Independent 2nd-line review (INV-2026-06) — implemented capability vs registered scope. Each carries a recommended fix and is tracked in insightalm-mrm until closed.

HIGH INV-029 · P5 · validation-gap

Validation evidence + change logs missing across most of the inventory

Only M-001/M-020/M-050 carried full documentation packs before this pass. Most models record validation_evidence: missing and change_log: missing with peer_review: pending. Gold tests freeze behaviour but many assert only structural invariants (e.g. reserve>0), not correctness against external truth. The flagship T0-vs-10-K match is circular (BV-032).

Recommendation: For each Tier-1 model: produce a validation-evidence pack (back-test vs disclosed results once BV-032 re-calibration lands, sensitivity suite, challenger comparison), a change log, and a 2L ratification. Sequence behind BV-032 (firm-data) for anything needing 10-K reconciliation.

LOW INV-032 · cross-repo · cross-repo

FinView-resident pricing/CECL engines reached cross-repo with no drift gate

M-040 (CECL) and M-130-137 (asset pricing) are FinView-resident, consumed by InsModel only via sys.path insertion. No packaged interface or drift gate — a finlib signature change silently breaks the InsModel snapshot harness / consumers.

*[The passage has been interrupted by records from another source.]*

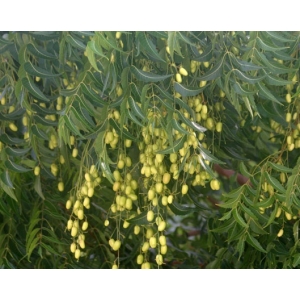 Azadirachta indica (neem) 25 graines 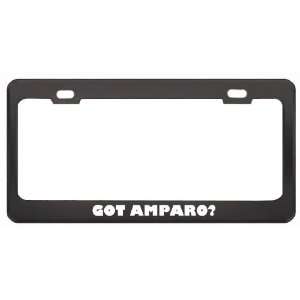 Got Amparo? Career Profession Black Metal License Plate Frame Holder 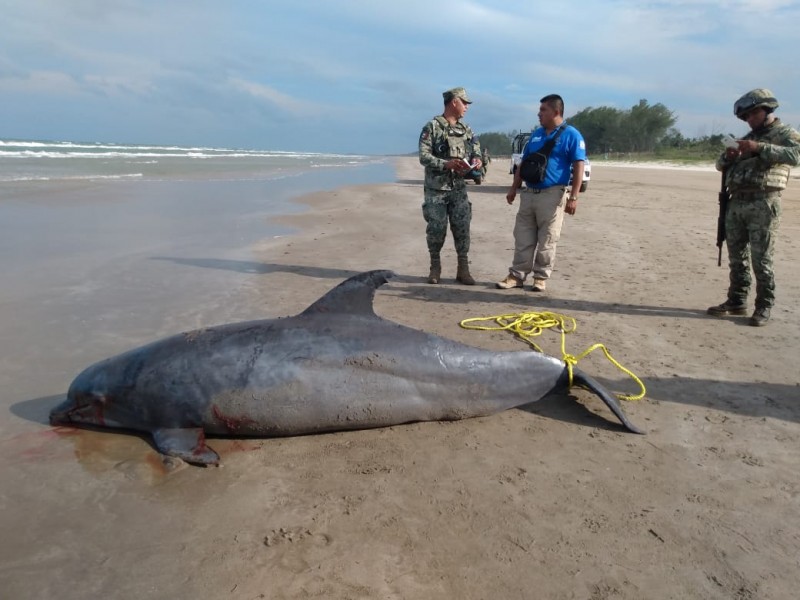 Tuxpan sin infraestructura para autopsias de animales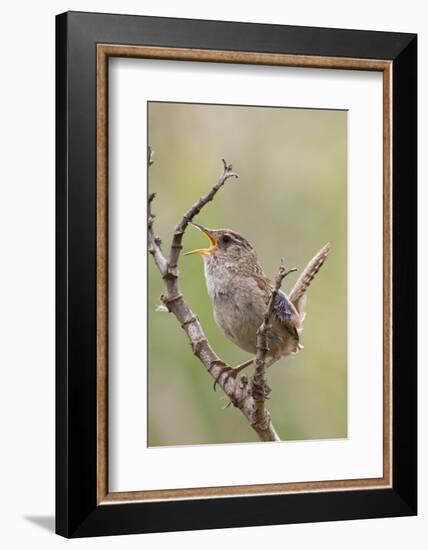 Marsh Wren Calling-Hal Beral-Framed Photographic Print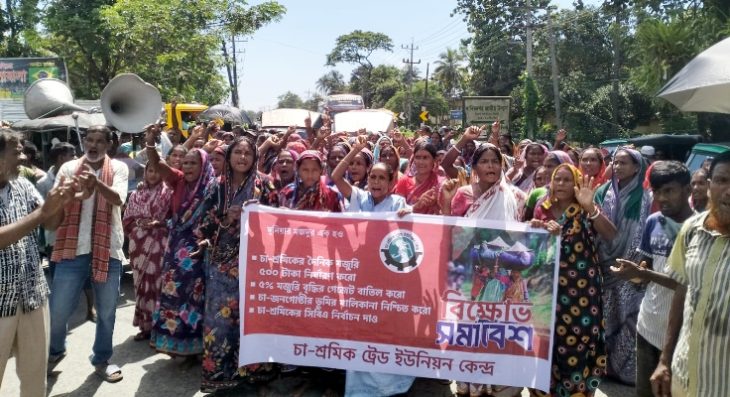 মজুরি বৃদ্ধির দাবিতে সিলেটে চা-শ্রমিকদের সড়ক অবরোধ ও বিক্ষোভ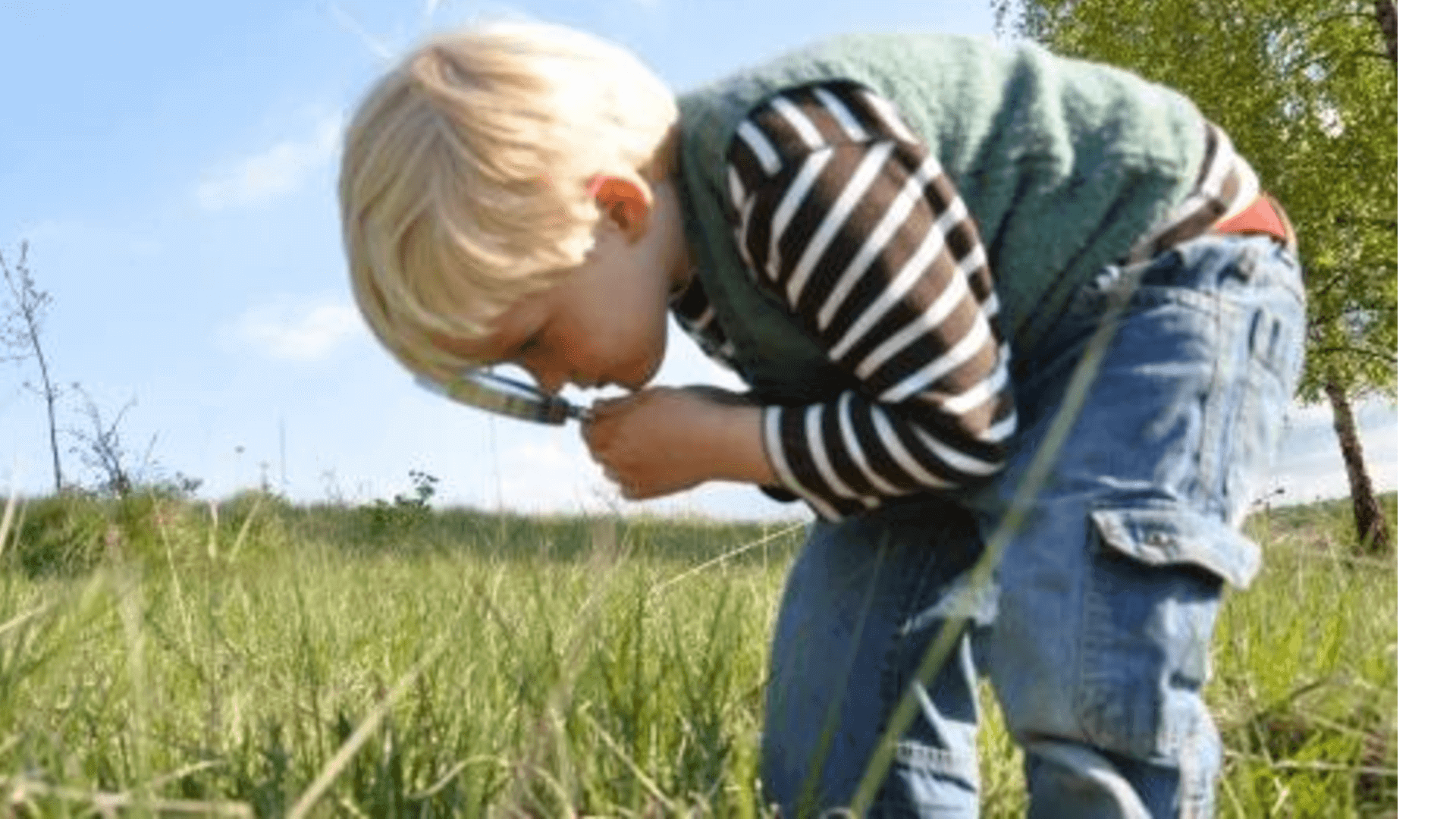 Family activity: minibeast safari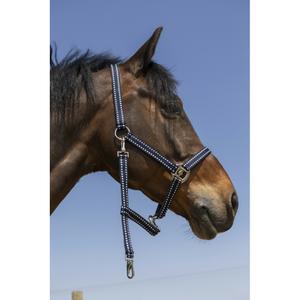 510245007-licol-pour-cheval-norton-grooming-marine
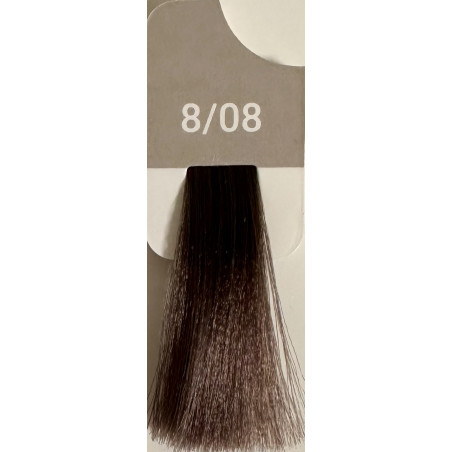 Absolute 8/08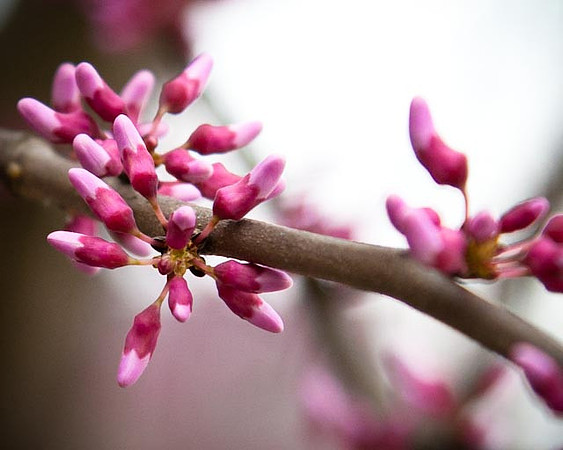 Blooming Tree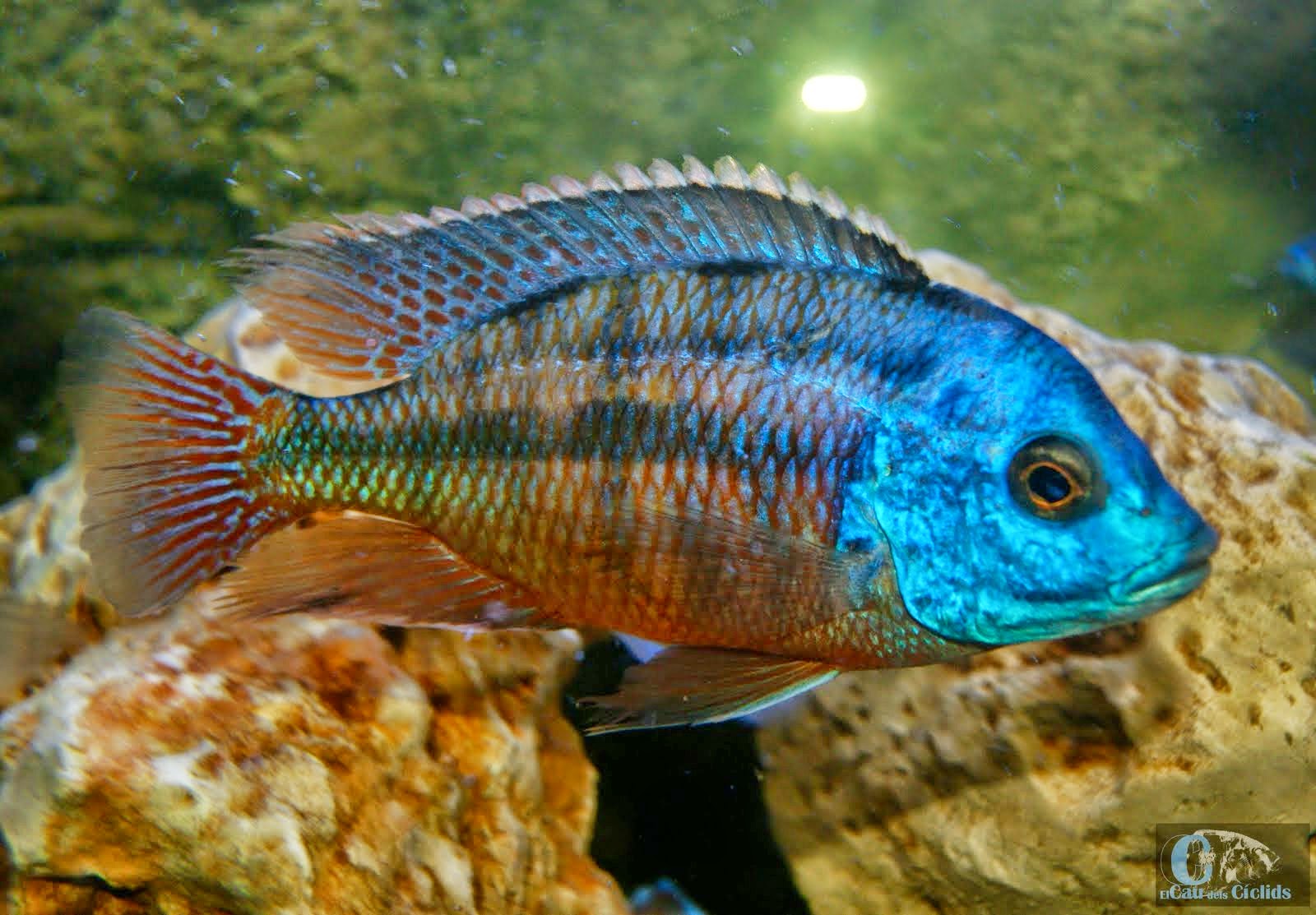 Protomela Taeniolatus Red Empress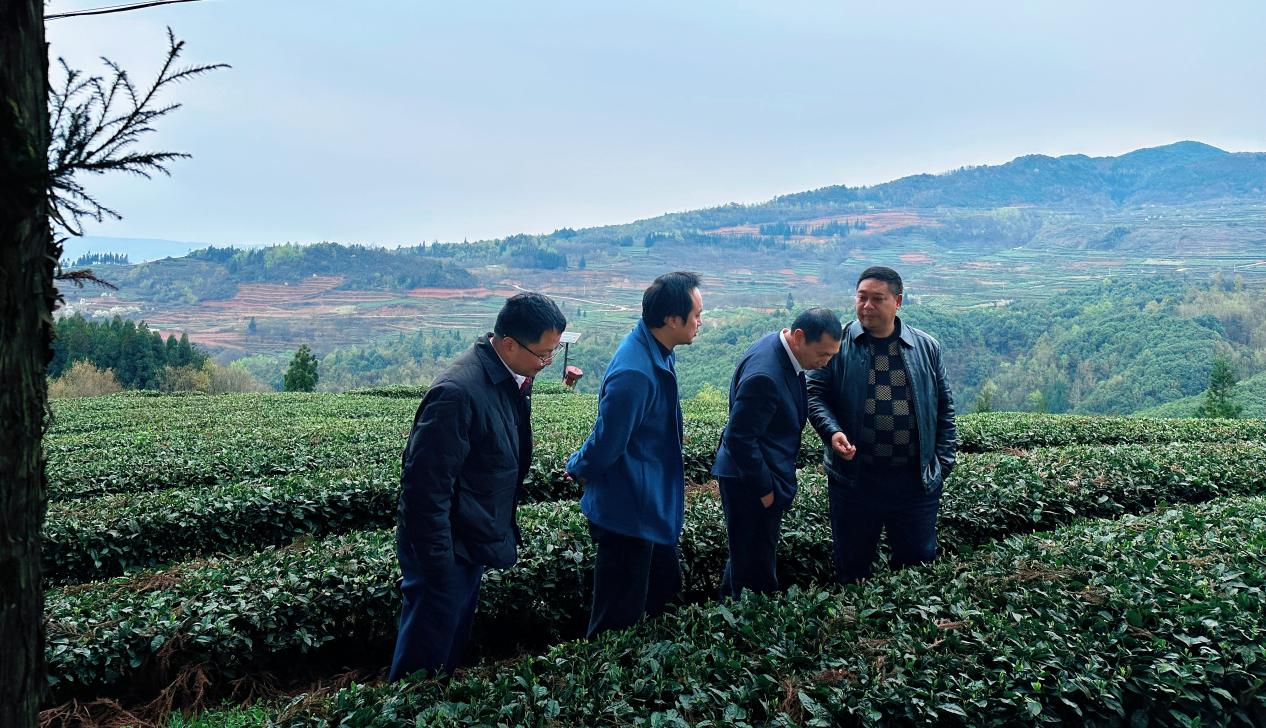 圖為工行六盤水分行以“多彩農鏈通”金融服務為抓手,助力涼都特色農業產業。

Recommendation: Define a packaged interface (or a versioned contract) for the FinView pricing library and a CI drift gate, so cross-repo consumers fail loudly on signature change. Tie to D041 ownership.


Validation Coverage

Per-tier expectations

Per MRM Framework §10.2 + §10.3, this model's regulatory_frameworks tag list activates the following overlays:

asop_56 sr_26_2 internal
component tier-2 expectation status
Registry entry required present
Model card (§10.5 doc pack) required present
Validation evidence required present
Change log required present
Independent effective challenge (2L) required attested

Ratification

Ratified — RAT-137-v1.0.1

Latest ratification on file: RAT-137-v1.0.1. Authored by 2L (mrm-peer-reviewer) per Decision 028 charter §5 Pattern A.